## GOAL OF THE EXERCISE
Only the lines from the one with "Free A fashionable" to the end of the data below should be given again, exactly, with both ends included and pictures omitted.

## TASK INPUTS
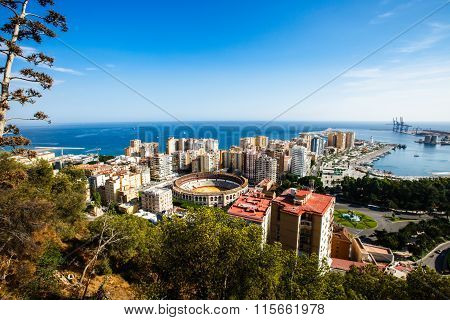 Malaga bullring, port and cityscape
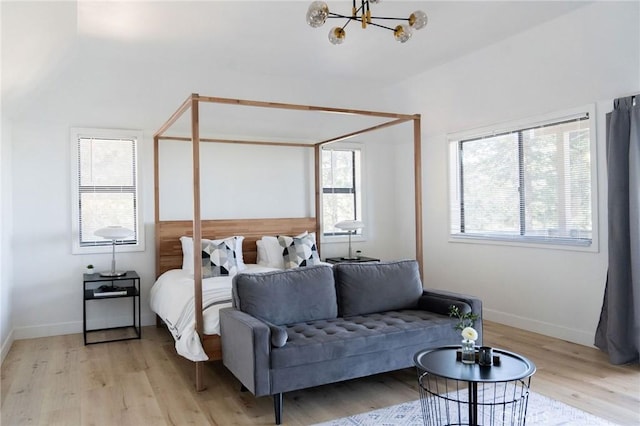 bedroom with multiple windows, an inviting chandelier, and light wood-type flooring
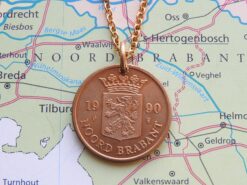 Koperen Noord-Brabant rijkspenning uit 1990 aan goudkleurige kettinkje, met leeuwwapen en opschrift op kaartachtergrond.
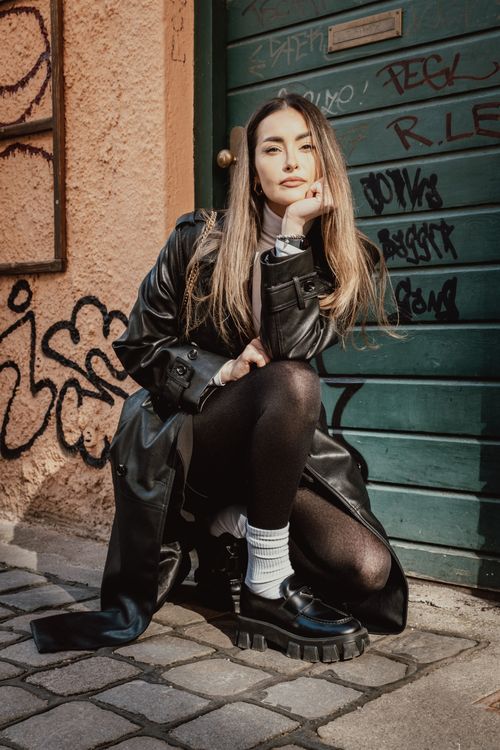 Free A fashionable woman poses stylishly in urban setting with graffiti backdrop. Stock Photo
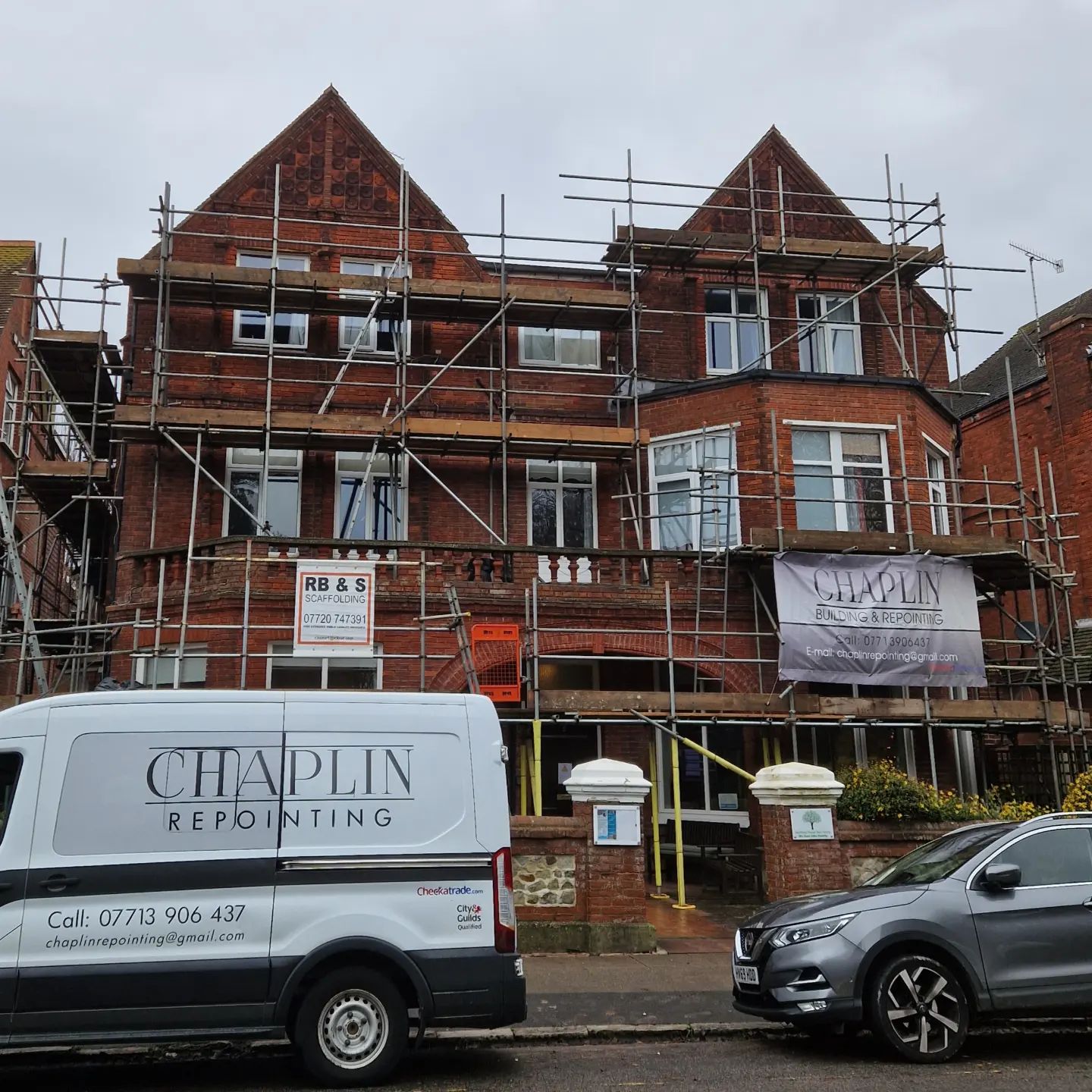 Three-storey Victorian block on scaffold with the Chaplin van parked in front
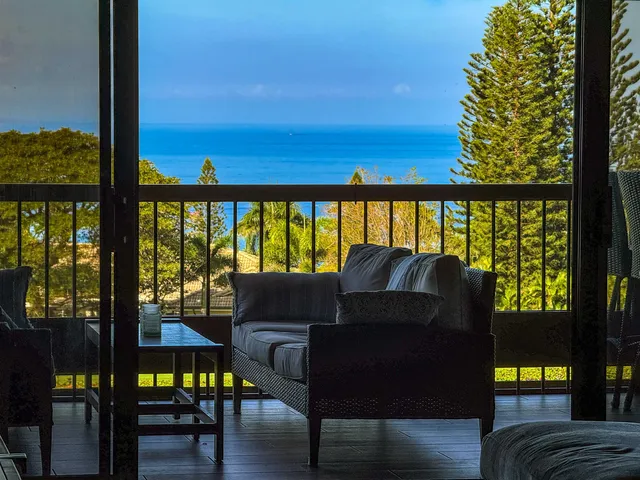 a view of livingroom with furniture and a window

## ANSWER TO THE EXERCISE
 Free A fashionable woman poses stylishly in urban setting with graffiti backdrop. Stock Photo
 Three-storey Victorian block on scaffold with the Chaplin van parked in front
 a view of livingroom with furniture and a window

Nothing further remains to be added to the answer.